Hacker News new | past | comments | ask | show | jobs | submit login
Libcurl remote code execution (volema.com)
129 points by marshray on Feb 8, 2013 | hide | past | favorite | 60 comments



This is nasty but fortunately it only affects fairly recent versions of curl, specifically curl 7.26.0 up to and including 7.28.1. That means Debian Stable and Ubuntu 12.04 aren't affected.

As a general rule, if you use libcurl in an application and follow redirects you should probably restrict CURLOPT_REDIR_PROTOCOLS to just HTTP and HTTPS (and maybe FTP). Otherwise a nefarious site could redirect curl to, for example, a IMAP, POP, or SMTP URL, which is potentially undesirable even without this vulnerability. If you're just using curl to talk HTTP(S) you really don't need any of these other protocols.


Why does curl even allow that?


wow, thanks for the heads up about version numbers - I was about to stay up late patching... with this information patching can wait til morning.


Regarding version numbers, I'll mention something here that I used to have to tell customers in the web hosting biz all the time: stuff sometimes gets backported and version numbers don't tell the whole story. For instance, RHEL 5 has "curl-7.15.5-15.el5" right now, and that would suggest it doesn't support either of the CURLOPTS required to disable this.

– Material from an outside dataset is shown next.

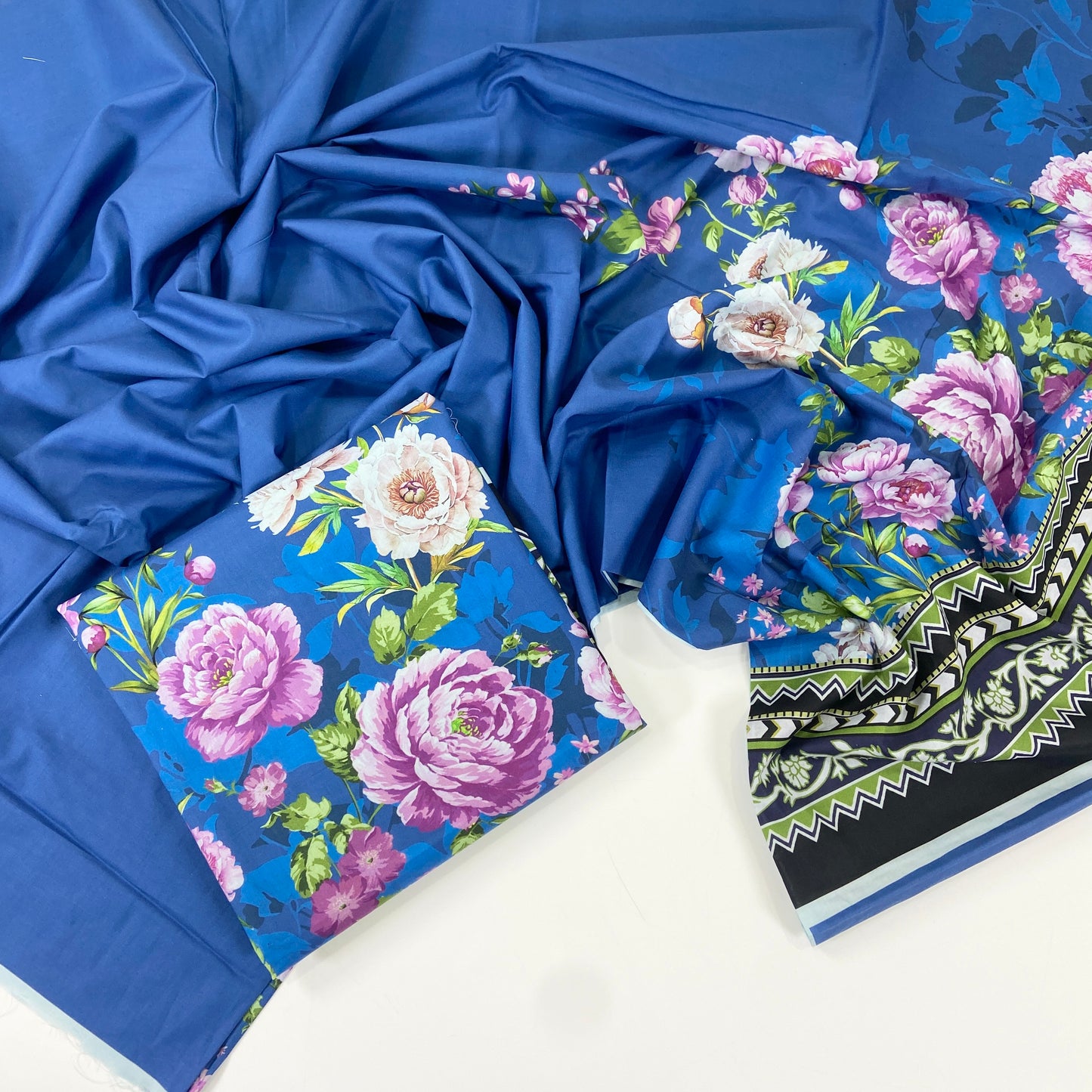 Anaya Noor Co-Ard Set Shirt & Trouser 2PC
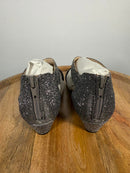 NWB Charter Club Womens Ginifur Faux Leather Casual Wedge Sandals Size 6M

However, the actual build loops in a patch called curl-7.15.5-CVE-2009-0037.patch, and that adds in all of the CURLPROTO_* magic required to lock down an application. I discovered this tonight when updating my client-side code to restrict redirects and found that it would build fine on RHEL 5 even though I expected it to die. A little digging around in the source RPM explained it.

So, if you're on an OS like RHEL and you think you might not be able to use this feature, try looking in your curl.h file. You might actually have support courtesy of some backported patch from your distributor.


Somebody wrote new code which uses strcat() in 2012 (the commit which introduced that bug was written in June 2012)? That's.. wow.. unbelievable.


Is this kind of stuff not code reviewed?


It's an open source project, you are free to do so if you have the time or the need, and contribute back any corrections.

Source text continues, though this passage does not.